### DATA UNDER STUDY
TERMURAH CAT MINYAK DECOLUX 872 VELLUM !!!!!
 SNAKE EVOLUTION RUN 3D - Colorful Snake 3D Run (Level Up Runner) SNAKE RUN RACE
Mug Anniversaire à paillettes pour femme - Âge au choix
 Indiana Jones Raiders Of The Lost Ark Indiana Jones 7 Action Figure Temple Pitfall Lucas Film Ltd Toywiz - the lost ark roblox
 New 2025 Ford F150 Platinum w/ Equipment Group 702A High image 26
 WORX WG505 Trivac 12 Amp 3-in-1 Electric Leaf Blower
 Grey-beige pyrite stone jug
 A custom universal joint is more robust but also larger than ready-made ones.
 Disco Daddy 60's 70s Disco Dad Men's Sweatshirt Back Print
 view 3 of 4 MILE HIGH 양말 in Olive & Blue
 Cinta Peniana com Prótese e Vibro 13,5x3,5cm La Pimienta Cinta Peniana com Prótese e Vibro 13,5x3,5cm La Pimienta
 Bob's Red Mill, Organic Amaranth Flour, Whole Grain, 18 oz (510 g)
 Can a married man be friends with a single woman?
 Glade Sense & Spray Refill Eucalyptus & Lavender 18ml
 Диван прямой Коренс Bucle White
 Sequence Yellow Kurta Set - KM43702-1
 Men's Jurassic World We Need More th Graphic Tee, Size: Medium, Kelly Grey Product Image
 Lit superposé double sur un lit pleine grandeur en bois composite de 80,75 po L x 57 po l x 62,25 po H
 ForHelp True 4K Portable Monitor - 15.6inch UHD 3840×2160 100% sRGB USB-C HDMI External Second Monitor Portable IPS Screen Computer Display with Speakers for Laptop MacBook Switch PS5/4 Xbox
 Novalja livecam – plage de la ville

### WHAT THE EXERCISE ASKS
Every line of the listing is to be returned exactly as given.

### SOLUTION
TERMURAH CAT MINYAK DECOLUX 872 VELLUM !!!!!
 SNAKE EVOLUTION RUN 3D - Colorful Snake 3D Run (Level Up Runner) SNAKE RUN RACE
Mug Anniversaire à paillettes pour femme - Âge au choix
 Indiana Jones Raiders Of The Lost Ark Indiana Jones 7 Action Figure Temple Pitfall Lucas Film Ltd Toywiz - the lost ark roblox
 New 2025 Ford F150 Platinum w/ Equipment Group 702A High image 26
 WORX WG505 Trivac 12 Amp 3-in-1 Electric Leaf Blower
 Grey-beige pyrite stone jug
 A custom universal joint is more robust but also larger than ready-made ones.
 Disco Daddy 60's 70s Disco Dad Men's Sweatshirt Back Print
 view 3 of 4 MILE HIGH 양말 in Olive & Blue
 Cinta Peniana com Prótese e Vibro 13,5x3,5cm La Pimienta Cinta Peniana com Prótese e Vibro 13,5x3,5cm La Pimienta
 Bob's Red Mill, Organic Amaranth Flour, Whole Grain, 18 oz (510 g)
 Can a married man be friends with a single woman?
 Glade Sense & Spray Refill Eucalyptus & Lavender 18ml
 Диван прямой Коренс Bucle White
 Sequence Yellow Kurta Set - KM43702-1
 Men's Jurassic World We Need More th Graphic Tee, Size: Medium, Kelly Grey Product Image
 Lit superposé double sur un lit pleine grandeur en bois composite de 80,75 po L x 57 po l x 62,25 po H
 ForHelp True 4K Portable Monitor - 15.6inch UHD 3840×2160 100% sRGB USB-C HDMI External Second Monitor Portable IPS Screen Computer Display with Speakers for Laptop MacBook Switch PS5/4 Xbox
 Novalja livecam – plage de la ville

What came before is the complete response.